Heather- Harcus Sinclair is the name of the company you are looking for , It is up to you whether you accept their T+C,s which ,with admin. fees could amount to about 50 % of your payout . This firm is a business orientated firm and not a “normal ” public law company I am not personally advising you on taking up their “offer ” it is entirely up to you . Others might feel different let them be judged on that.

Sean Finnegan says:
12 January 2017

Hello, I have a Skoda Fabia, whose gas emissions, had a defeat mechanism fitted to show false readings. I have had 2 letters from Skoda admitting that a defeat mechanism had been fitted. I am resident of Northern Ireland.
I was wondering if any of you had contacted VW or Skoda. I am planning to contact WV and Skoda to see what their response is regards paying compensation to owners of cars that have the defeat mechanism fitted. Assuming compensation will be paid, will all owners automatically get paid? even those which will not be legally represented. Or do you have to be legally represented to get the compensation. If you are legally represented, will VW pay the Lawyers bill, and it will not come out of the compensation paid to the owner.
Would like to hear all your comments and advise,

Tom Colomby says:
28 January 2017

I Have just had my the software update and having read in the papers that the update will affect the fuel economy . VW told me that the cheat was put in when the car is at idle . When the car is in motion it will not affect the car in any way so the fuel economy should not have changed


“Should not have changed Tom” not according to 100,s of posters on Which and elsewhere but I admire your optimism , keep us informed over the weeks ahead.

28 January 2017

Just had letter inviting me to book my car in for remedial fix. Given 2 options to make the process easy for me: 1) dealer will collect car carry out work and return car. This would involve one of the dealers staff picking up and returning the car. 2) I deliver car and VW will provide courtesy car while work is being done (if one is available). Because I am 25 miles from my nearest dealer this option is not open to me, therefore they expect me to deliver the car in my time using my fuel to get there and back. Even option 1 would have meant me paying for fuel and wear and tear to get car to dealer and back. As VW expect me to deliver the car I have asked them to pay something per mile to cover fuel and wear and tear as well as an hourly rate for my time (suggested same inflated rate that they charged me for changing an EGR valve).
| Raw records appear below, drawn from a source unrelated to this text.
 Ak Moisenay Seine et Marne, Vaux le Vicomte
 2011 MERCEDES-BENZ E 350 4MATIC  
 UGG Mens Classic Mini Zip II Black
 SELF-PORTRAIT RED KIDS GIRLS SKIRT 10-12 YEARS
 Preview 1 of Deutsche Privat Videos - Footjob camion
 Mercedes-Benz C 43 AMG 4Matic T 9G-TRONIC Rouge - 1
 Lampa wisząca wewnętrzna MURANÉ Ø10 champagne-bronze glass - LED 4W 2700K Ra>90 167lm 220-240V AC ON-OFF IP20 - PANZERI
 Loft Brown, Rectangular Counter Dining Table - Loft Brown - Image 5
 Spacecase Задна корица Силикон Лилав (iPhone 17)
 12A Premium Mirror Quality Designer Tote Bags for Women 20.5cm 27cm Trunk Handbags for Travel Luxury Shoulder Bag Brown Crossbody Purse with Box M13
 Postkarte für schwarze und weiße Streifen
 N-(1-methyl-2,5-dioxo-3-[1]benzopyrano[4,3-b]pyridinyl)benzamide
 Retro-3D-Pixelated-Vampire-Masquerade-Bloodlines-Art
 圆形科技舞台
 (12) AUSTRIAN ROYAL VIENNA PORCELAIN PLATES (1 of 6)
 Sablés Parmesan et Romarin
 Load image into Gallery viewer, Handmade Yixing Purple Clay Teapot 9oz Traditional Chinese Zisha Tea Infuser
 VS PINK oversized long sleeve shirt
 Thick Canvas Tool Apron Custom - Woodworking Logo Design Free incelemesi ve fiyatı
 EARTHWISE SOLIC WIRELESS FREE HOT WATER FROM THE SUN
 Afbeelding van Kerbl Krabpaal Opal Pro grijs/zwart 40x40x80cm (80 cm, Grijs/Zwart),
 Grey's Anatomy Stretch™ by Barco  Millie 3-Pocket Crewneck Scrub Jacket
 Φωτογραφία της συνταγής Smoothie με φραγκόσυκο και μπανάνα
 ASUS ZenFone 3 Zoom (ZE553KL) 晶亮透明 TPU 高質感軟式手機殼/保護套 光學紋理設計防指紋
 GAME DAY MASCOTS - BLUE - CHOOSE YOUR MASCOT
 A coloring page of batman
I have explained to VW that I am not prepared to contribute in any way in order to help them sort out this scandal, nor I am prepared to be inconvenienced in any way. Still waiting their response on how they intend to do the work entirely at their expense..
If VW have invited you to take your car in for the fix I would suggest that you make sure you are nor helping to pay for it.

George Corfield says:
29 January 2017

My Golf Plus 1.6tdi has had the fix. I have a certificate of completion stating that this will not affect the performance or fuel consumption, etc.. I have to say that the engine is now quieter and more responsive but the economy is about 10% higher, unless my logic is way off I assume that the car is now producing more CO2 . The fix was carried out 3 weeks ago and I have travelled sufficient miles over regularly used routes to be able to be certain of my facts,


Thanks for that George , while many have had the opposite effect your car seems to benefit from it , logic states that you must have had the work done at an extremely good garage in more ways than one (extra tinkering with the performance curve over and above the “standard ” tuning ) .


In my experience with my Golf 1.6tdi and other diesel cars, ambient temperature makes a big difference in fuel economy, especially on short and medium journeys, so hopefully this could be a factor in the difference you are seeing. It has been very cold here since Christmas. Mine goes in for modification soon and I’m encouraged that you have seen positive effects as well as the negative ones, George.

There is no doubt that nitrogen oxides are harmful to human health and city centres are the biggest concern. Carbon dioxide is produced by many sources.

I will post my findings and will be interested to know how your Golf does once the weather warms up, but I’m expecting some loss of fuel economy, whatever VW claim.